Orit Sulitzeanu, the executive director of the Association of Rape Crisis Centers of Israel, credited One Out of One with helping to "pave the way" for the #metoo campaign, which began in the wake of a New York Times story in which dozens of women alleged that Weinstein had sexually harassed or assaulted them.

"Sharing testimonies was not something that took place on Facebook, and they made it possible," Sulitzeanu said. "#Metoo just took what they did one step further with women saying 'here, this is my name, this is my identity, and I'm talking.'"

Some of the first stories Shargill and Havron shared were their own. Shargill said she was raped once and at work was sexually harassed repeatedly.

The two women have also participated in the #metoo campaign, posting supportive messages on the One Out of One Facebook page and working through the surge of testimonials they have received in recent days. Whereas they might get 10 to 20 submissions in a typical week, Shargill said, they have received approximately 30 to 40 since #metoo went viral.

She said they have received similar outpourings during the numerous sex scandals in Israel over the past four years.

Among the recent high-profile cases were a Tel Aviv nightclub owner who was charged with rape or other sex crimes against six women, and a revered army general who avoided charges of raping two women under his command by pleading guilty to having sex with one of them. In December, President Moshe Katsav was released from prison after serving five years of a seven-year sentence for rape and other sex crimes against three women.

Sulitzeanu said sexual harassment and assault are pervasive in Israel, and she put part of the blame on the country's mandatory military service. Young men in the army learn "they're entitled to anything," she said.

An internal study by the Israel Defense Forces this year found one in six female soldiers are sexually harassed during their service, and Sulitzeanu said the nine rape centers that are part of her umbrella group get about 40,000 phone calls every year. According to the World Health Organization, one out of every three women worldwide experiences physical or sexual violence during their lifetime.

But Sulitzeanu, who recalled boys pulling her pigtails and older men groping her in the Old City of Jerusalem market as a girl, said she has seen Israeli attitudes about sexual harassment and assault change for the better in the past few years. She said the the country's embrace of the #metoo campaign reflects this, including the prominent media coverage.

"It's a mini-revolution," Sulitzeanu said. "We're used to security, [Prime Minister Benjamin] 'Bibi' Netanyahu, corruption on the front page. This is the first time ever we've seen something like that."

She said the campaign has further "broken the code of silence" around sexual abuse. Still, Sulitzeanu worries about the many victims of sexual abuse her organization counsels every day who are not able to speak out.
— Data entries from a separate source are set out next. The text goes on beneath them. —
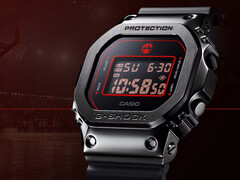 La dernière collaboration de Casio avec Rui Hachimura donne à la G-Shock 5600 classique une allure flamboyante. (Source de l&#039;image : Casio Japan)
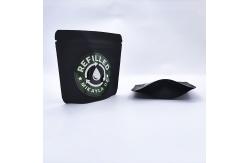 China Aluminized Foil Mylar ziplockk Bag Smell Proof Plastic Packaging For weed supplier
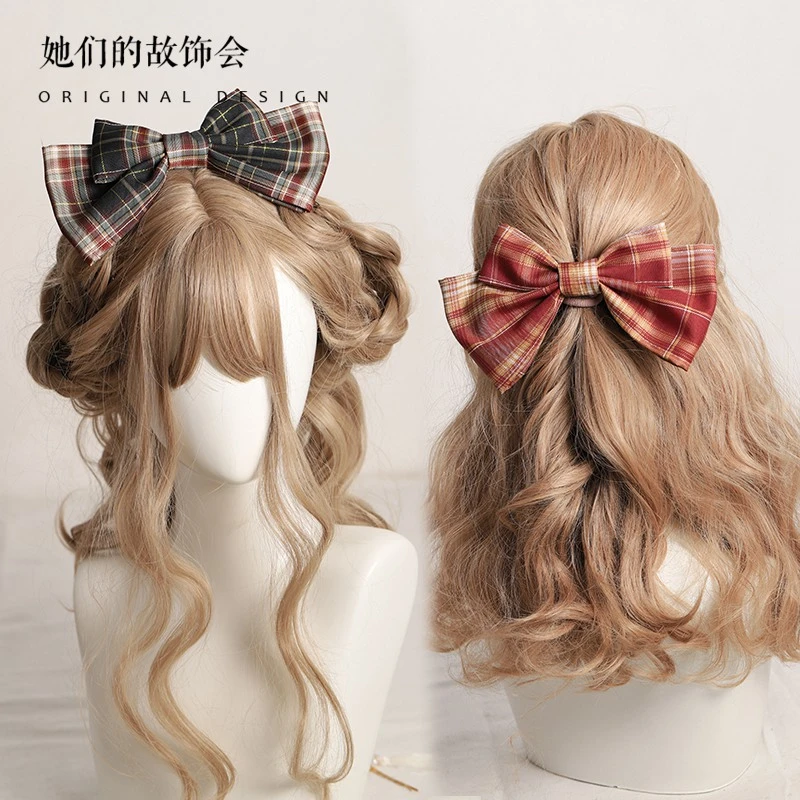 日本の弓のヘッドドレス ロリータの髪型 かわいいヘアクリップ 女の子のための甘いヘアピン コスチューム アクセサリ Aliexpress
"To see so many famous women, so many strong women in sports, in politics and in the media, make you feel you're not alone-that you didn't do something wrong to be abused," she said. "The problem is we also have to give legitimacy to people who aren't ready to speak up, women as well as men and children."

Shargill said One Out of One would continue to do just that.

"In a week or two, this [#metoo] campaign will be over and people will move on to the next thing," she said. "We will still be collecting testimonies in one place so that anyone can see them anytime."